Alcuni abbandoni sono talmente penetranti da
rimandare al cuore e alla pelle, odori e immagini nitide che il tempo non
pittura mai con pennellate che si schiariscono, anzi a dispetto del trascorrere
della vita, esse sono sempre immobili, disgustose e aggrediscono soprattutto
quando si è più deboli, non si è mai salvi e non solo dal fischio del treno ma
dalla possibilità di dare il senso giusto alle cose anche al dolore e
all'accettazione di se stessi… quindi alla vita.
L'abbandono della madre, le assenze, la diversità con gli
altri bambini del collegio, il figlio autistico, gli uomini con armonie spesso
cacofoniche riportano insieme a sudori, tremori e rifugi nei bar più vicini, “ odio, rabbia cieca. Lei non è venuta. Nemmeno oggi, nemmeno a natale (…). Lei che non mi vuole, lei che
non mi ama, lei che non amo, forse, ma che voglio disperatamente amare” – il volersi perdere in un amore totale e
nello stesso tempo la coscienza che uno stato di gioia non duri mai a lungo.
Dopo un buio accecante che sfuma in blu elettrico la notte, la vita sembra aprirsi
in forma di margherita; Francesca permette a ciascuno, quando il suo segreto
cade in una tazzina mentre serve con disinvoltura un tè, di formarne un petalo
e soprattutto lo accarezza, lo coglie, se ne fa, senza recita, partecipe…
Le pagine si snodano incalzanti, tolgono il fiato,
si continua a leggere con mani sudate, respiro corto, pancia squarciata da luci
ed ombre che schiaffeggiano, baciano, piangono, ridono e accettano, nella
necessità della parola che diventa sempre più necessaria connotazione, una
pittura che crea quadri su quadri, colori su colori, presepi di angeli
all'aeroporto, in attesa di un volo per volare.
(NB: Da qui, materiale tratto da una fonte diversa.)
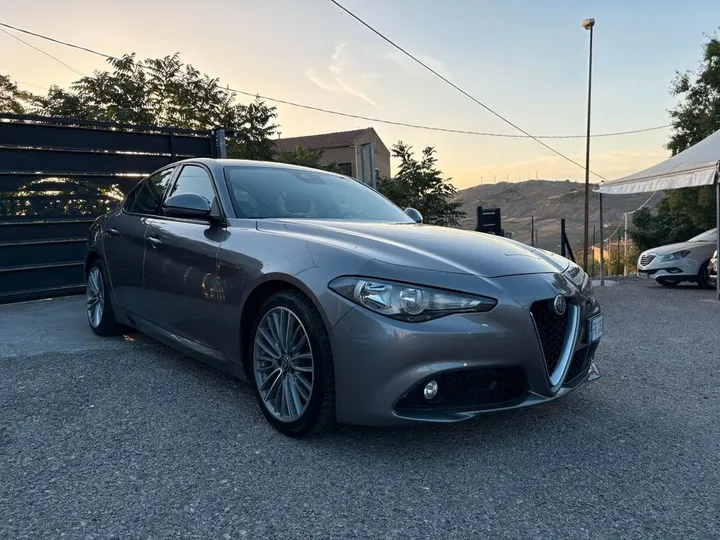 Alfa Romeo Giulia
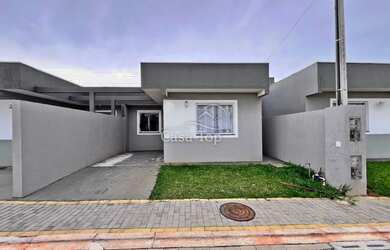 Imagem: Casa à venda Residencial Treviso ll - Cará-Cará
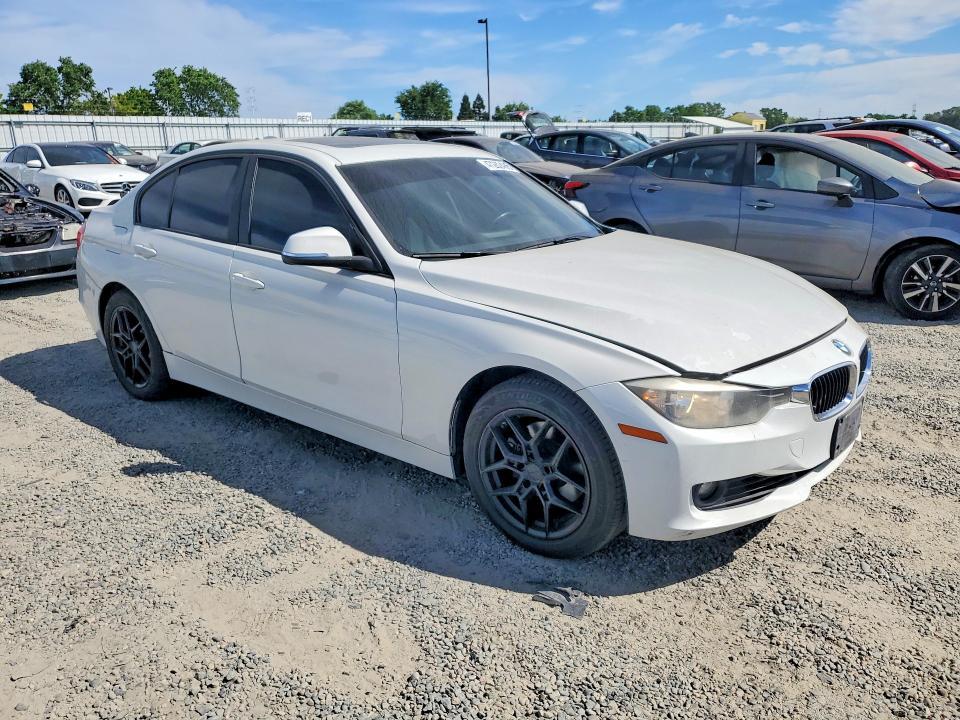 2015 BMW 328 i Sulev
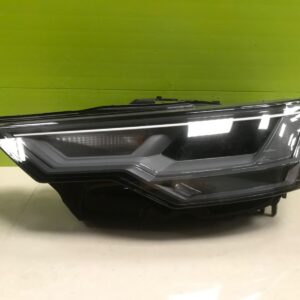 Audi a6 c8  2017-genuine passenger side  led Headlight 4k0941033a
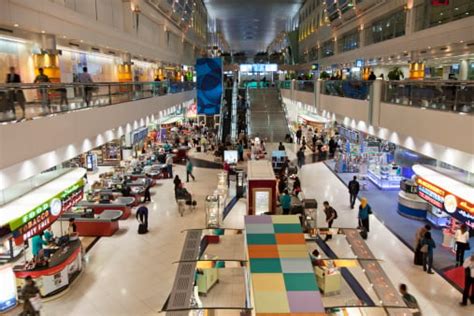 Dubai Duty Free Named World’s Largest Airport Retailer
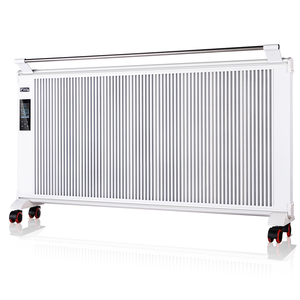 Uzaktan kumanda ile 2000W hızlı ısıtma kızılötesi ısıtıcı ev ve ofis için enerji verimli elektrikli ısıtıcı taşınabilir ısıtıcı - Product Image 1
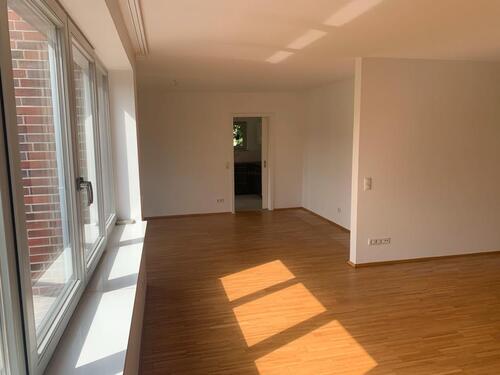 Foto - Helle 3-Zimmer-Wohnung mit BalkonKamin in Gerichtsviertel Nähe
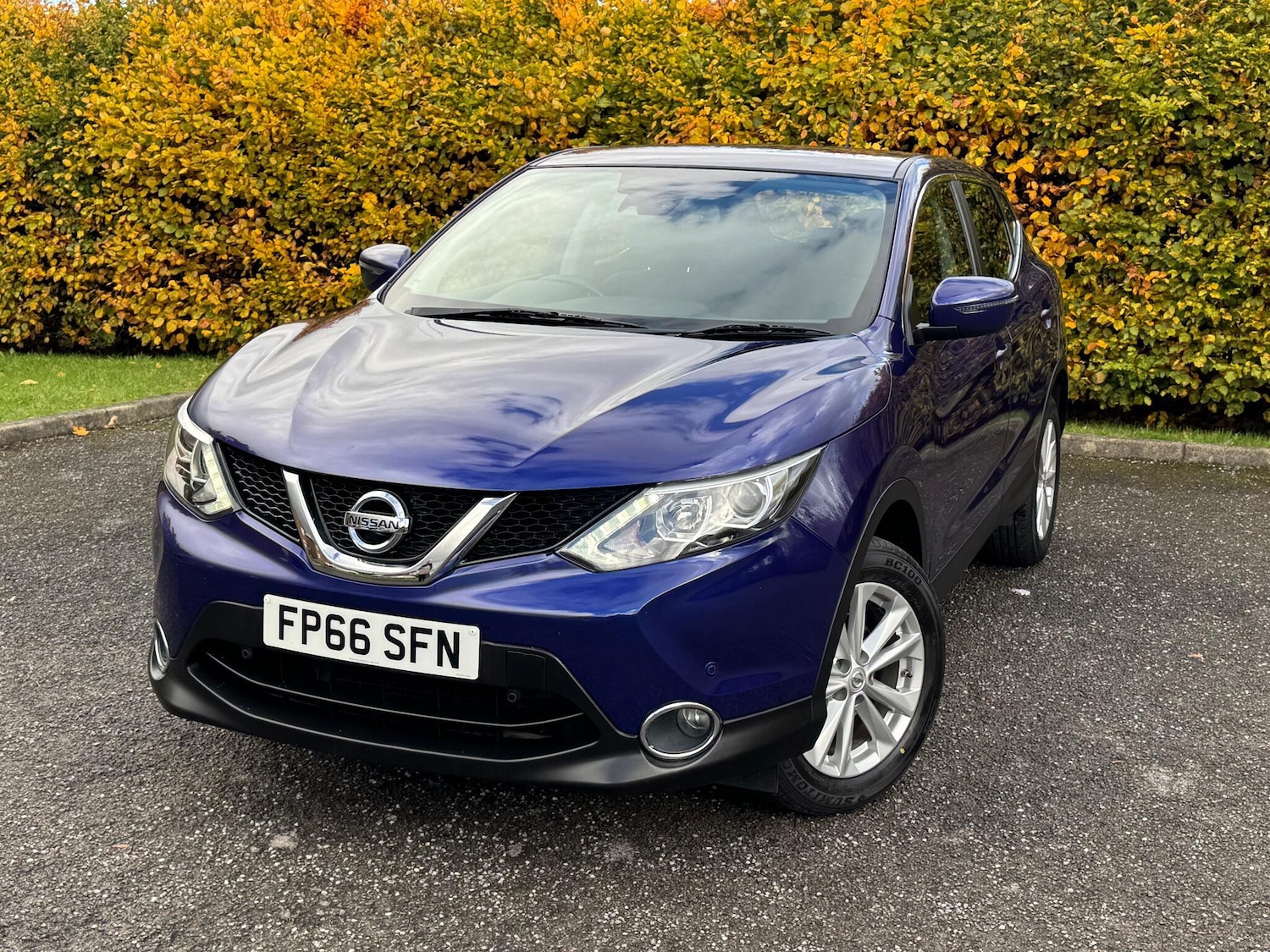 Used Nissan Qashqai 2016 for sale - 76440439: Photo 5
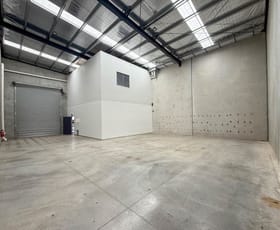 Factory, Warehouse & Industrial commercial property leased at Unit 6/17-21 Barretta Road Ravenhall VIC 3023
La
certezza ora, tante volte sognata, che suo figlio dipinge, che la vede, che ha
disegnato esattamente le sue mani come traccia indelebile di affinità
comunicative, “so di tenere tra le mani
quello che tante volte ho disperatamente invocato. Il tuo sguardo su di me. Tu mi hai visto.
Tu mi guardavi” – permette di leggere il dolore come necessario
substrato di crescita e raggiunge la vera coscienza dell'accettazione quando
l'autrice, conscia della spiritualità dell'imperfezione della vita, precisa: “Del resto sarebbe inutile. Alcuni cerchi non
riescono a chiudersi, l'ho capito anch'io. Puoi spingere e tirare, piangere o
arrabbiarti, oppure accettare di aver ricevuto in dono un cerchio imperfetto. E amarlo”.